When I Dream

~気侭な戯言日記~

あの夏の花火

2006-07-29 22:40:20 | ボクシリーズ(物語風/エッセイ風)
TVに映し出される隅田川花火大会の模様を見ながら・・・ボクは仲間達と過ごした夏を思い浮かべていた。毎年・・・7月最終週の土日は海へ一泊の小さな旅が仲間内では暗黙の了解になっていたのだが、今年は企画すらしなかった事が今さらながら少々悔やまれた。TVでは進行上、司会やゲストが映し出される事が多くいのは仕方がないとしても・・・カメラのファインダーを通して見る“花火の映像”はなんとも味気の無いもので、今でも・・・記憶を辿ると蘇ってくる仲間と楽しんだ夏の夜の花火の情景の方がボクにはリアルに感じられた。

7月の最後の土曜の夕方・・・東京にほど近い場所の宿に仲間は集まった。
水平線がオレンジ色に染まり、静かに仄かに暗くなっていく時刻になると・・・砂浜に家族連れやボクらのような仲間連れが花火を抱えて集まり始める。すっかり陽が落ちて海が黒く染まると、小さく・・・時には少し大きな白い波がほうき星のように、幾重にも重なって波打ち際に押し寄せる。波が打ち寄せるザ~と言う音に、手持ち花火のバチバチという音が次第に重なっていく。
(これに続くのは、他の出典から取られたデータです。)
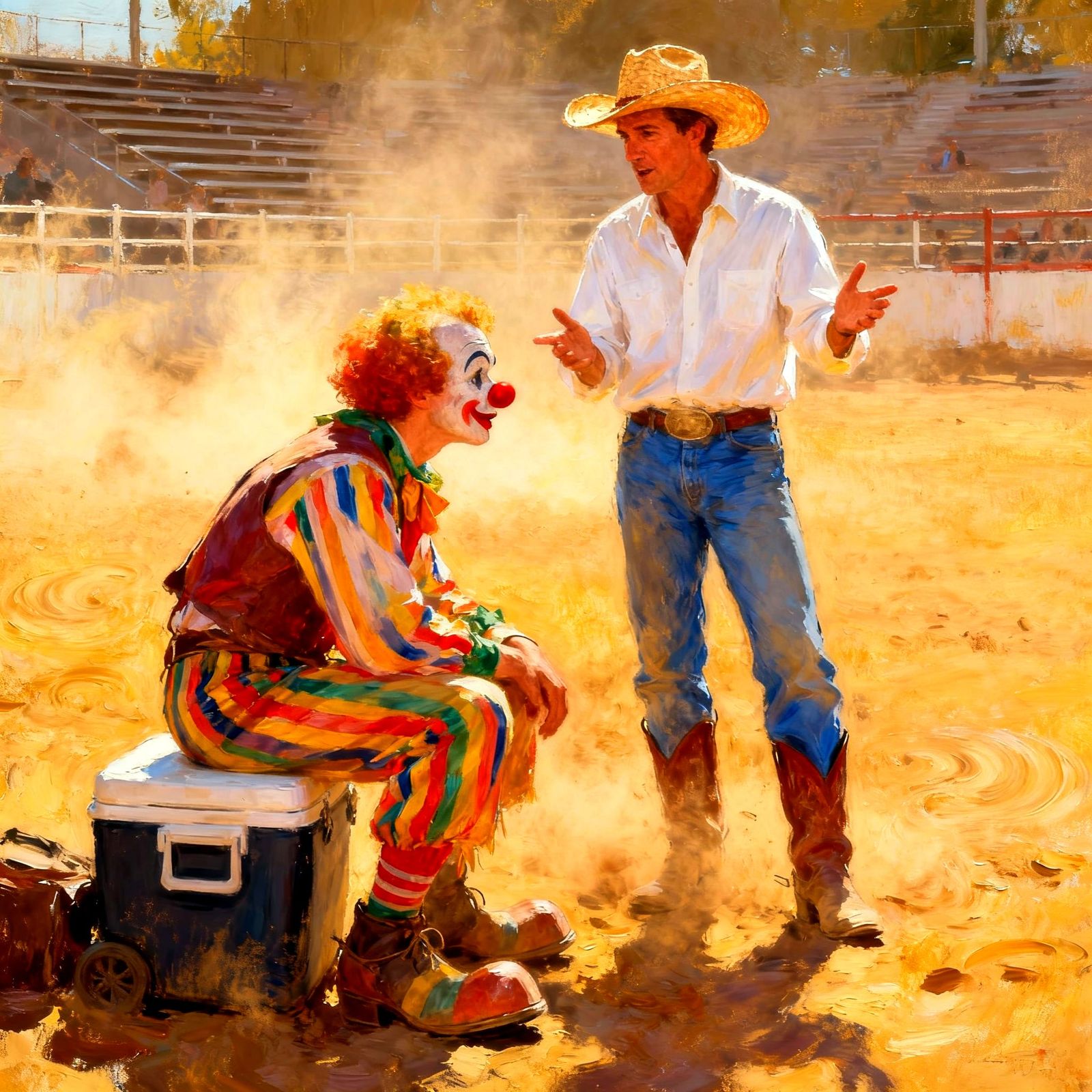 Cowboy Tells Story to Clown at Rodeo, Impressionistic Oil Pa...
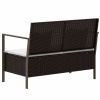 2-Seater Patio Bench with Cushions Brown Poly Rattan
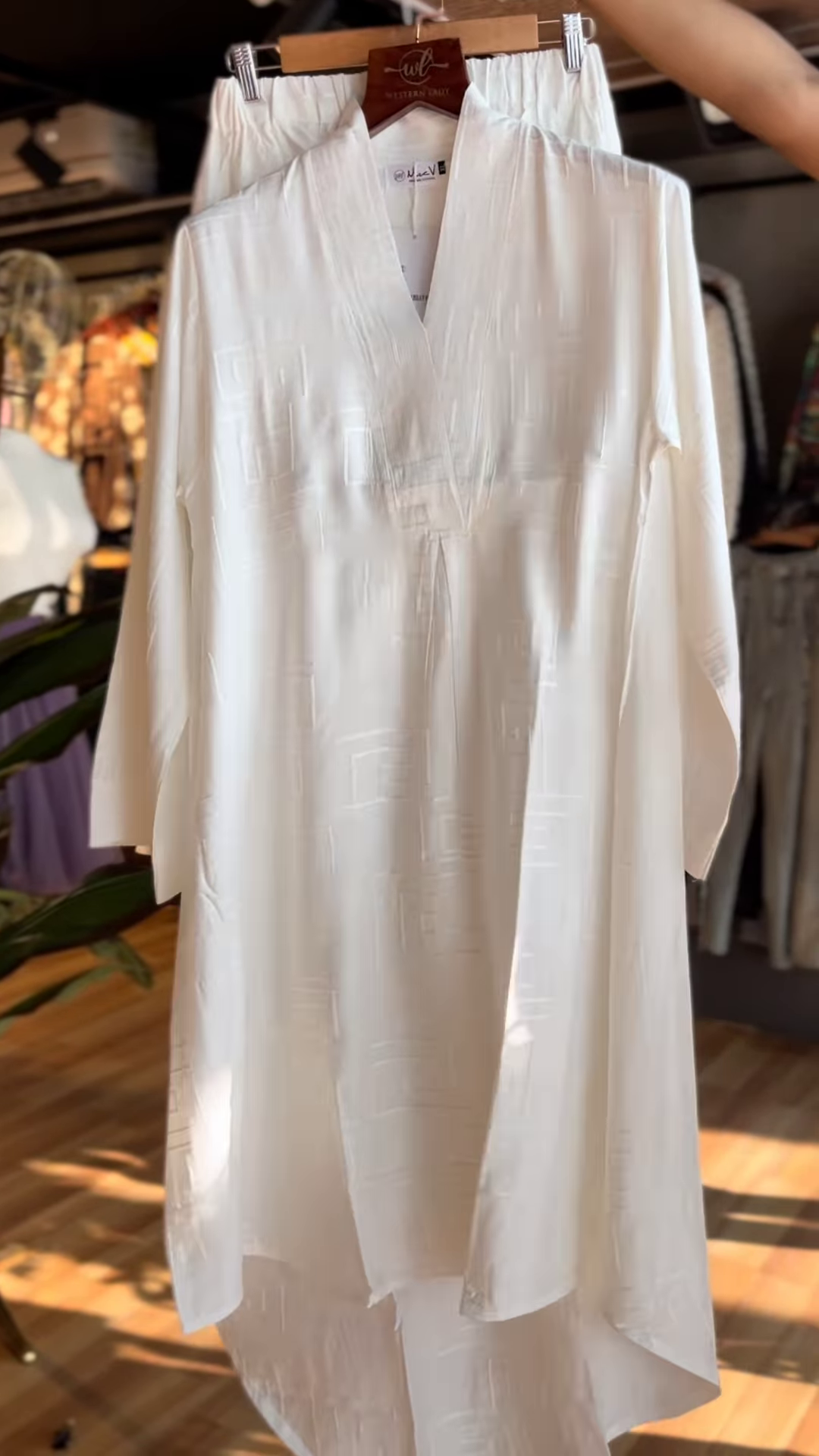 Minimalist White Co-Ord Set for Women – Textured V-Neck Long Kurta with Elastic Waist Pants | Elegant Everyday Ethnic Wear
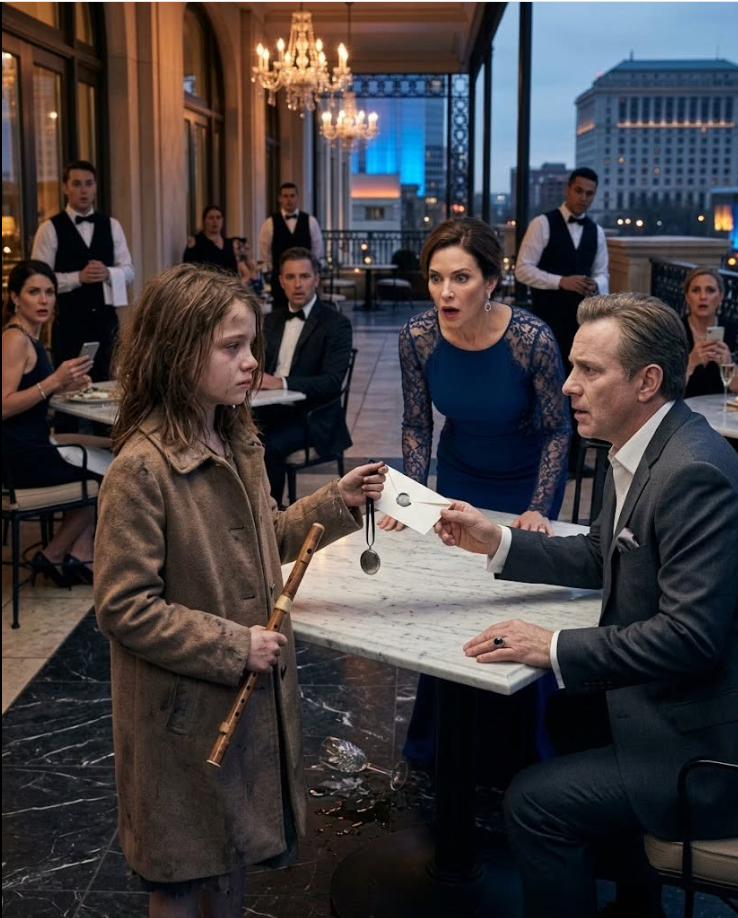 "Please—I just need money for food!"  The girl's scream cut across the luxury hotel terrace, silencing crystal glasses, soft music, and conversations worth more than her entire life.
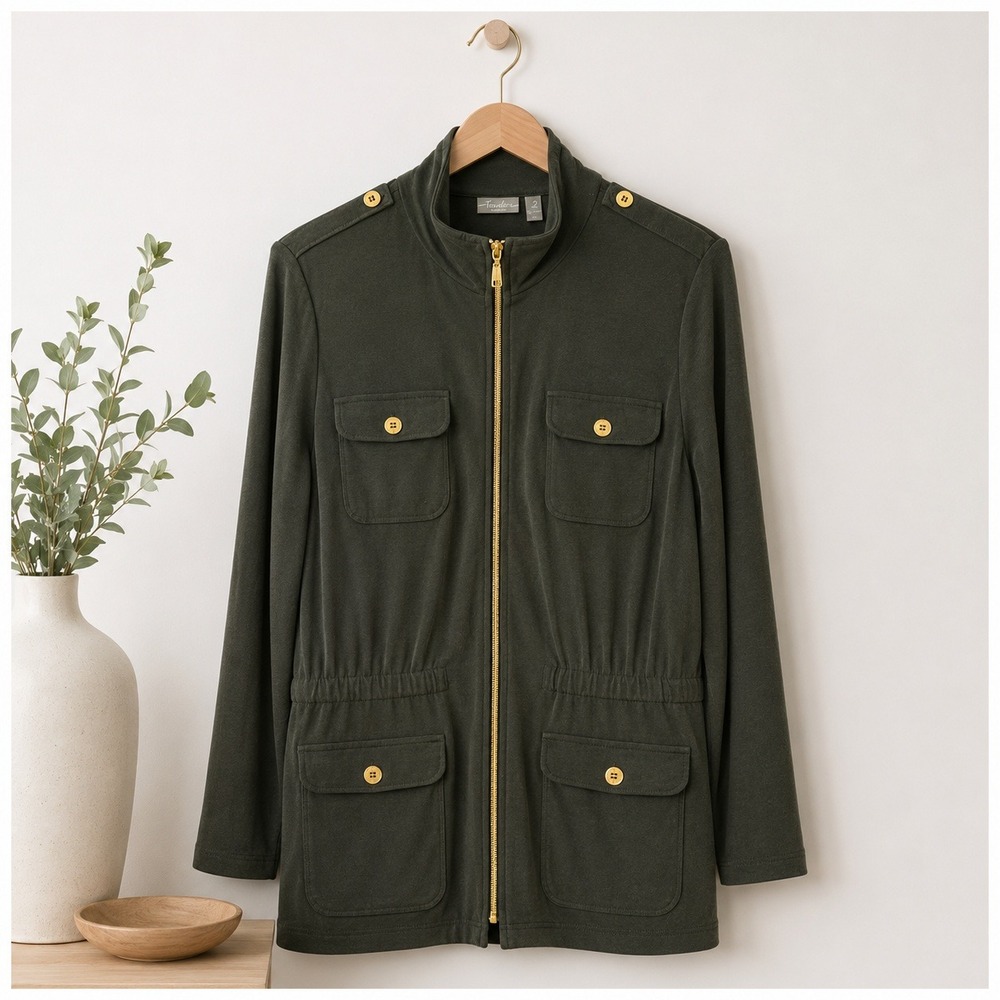 Chicos Travelers Utility Jacket Womens Size 2 L Olive Green Safari Military Zip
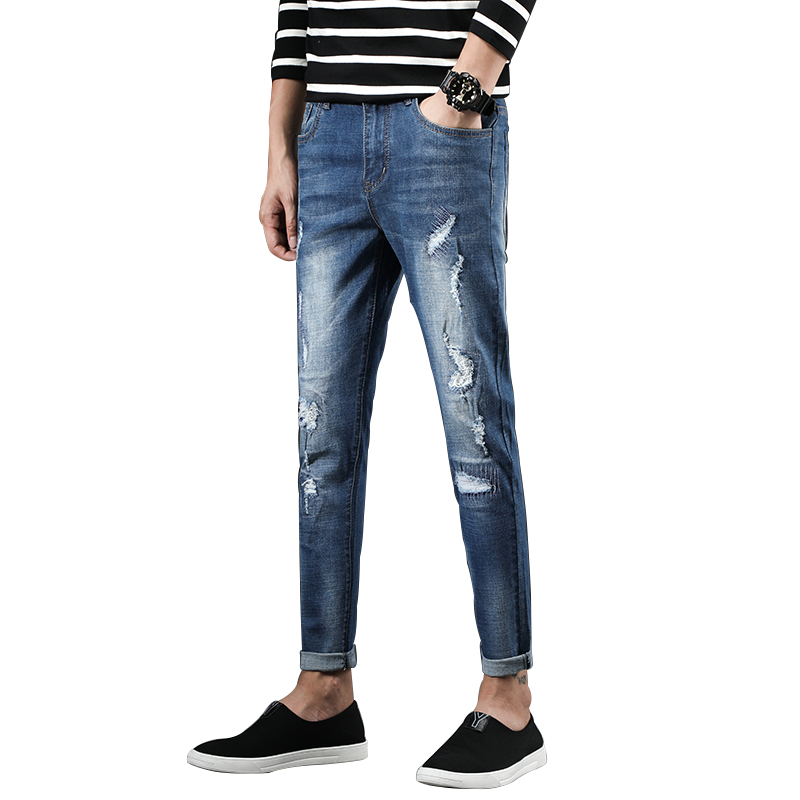 Męskie Jeansy Jesień Denim Męska Z Dziurami Slim Fit Dżinsy Niebieski Kup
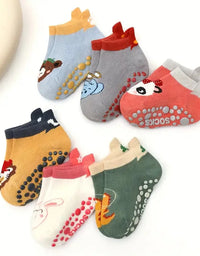 6 Pairs Kids Cotton Socks Cute Cartoon Animal Pattern Comfy Breathable Baby Non-slip Floor Socks
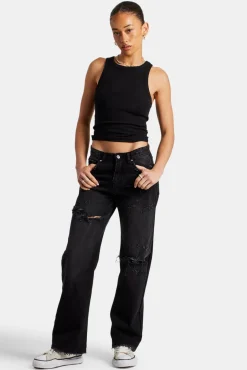 Women CLO-BOT-DEN Relaxed Ripped Jeans With Distressing - Washed Black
花火の放つ光と白い煙に混じる楽しそうな人の声・・・夜空に輝く星の粒に、打ち上げ花火のコントラストとグラデーションが彩りを添え始める。
凹状なゆるやかなカーブを描く海岸線は、東を向いても西を向いても・・・等間隔で海岸線を走る車のテールランプのように光を点在させていた。

みかんの段ボールに山と積まれた花火は、思い思いに選んで手にする仲間にどんどん消化されていく。ある年の夏に覚えた・・・ロケット花火をまとめて20本・・・は、近くで花火を楽しむ他のグループや家族連れを圧倒してちょっぴり誇らしげな気分を味わえた。たが、ボクらよりも後に登場した隣の学生のグループは、花火大会さながらな計算したような数種類複数の打ち上げ花火同時点火と言う・・・夜空に見事な彩りを放ってみせたのだった。
花火を見ていたギャラリーにどよめきと歓声をおこさせたその彼ら・・・ボクらも皆圧倒され、仲間内で無言で目を合わせあった。一つ一つでは単調で味気ない市販の花火でも、組み合わせの種類と本数によっては自分達も楽しめて、ギャラリーの目も楽しませる事が出来るのを始めて知った夏だった。

“凄ぇ!あれやりたいな~”皆そう思っていたが、ボクらの花火は段ボールにあと僅かしかなく・・・ボクが最後にやろうと残しておいた大好きな“飛び魚”が数本と、他数本の打ち上げしか残っていなかった。この組み合わせでは到底彼らには敵わない。取りあえず“飛び魚”を単体で1本上げてみると・・・飛び散る火花と同時に“おぉ~!”と大きな歓声が沸いて、ボクはなぜだか少し誇らしい思いがしたのだった。

その当時では“飛び魚”と言う花火は比較的まだ珍しい花火だったと思う。
TVの隅田川花火大会で・・・花火師達が競って打ち上げている花火を見ていて、ボクはそんな夏の日の花火を思いだして脳裏に重ねていた。花火大会の混雑した会場には行きたくはないが、段ボール山積みの花火を買い込んで、気のいい仲間と夏の夜の海岸で過ごすのは悪くはないものだ。目を閉じてみると・・・一筋の光が一瞬拡がって儚く消えていくようだった。そして、何枚もの画像が現れては消え・・・夏の日を思い起こさせるのだった。
それは今でも色褪せていない・・・色鮮やかなモノだった。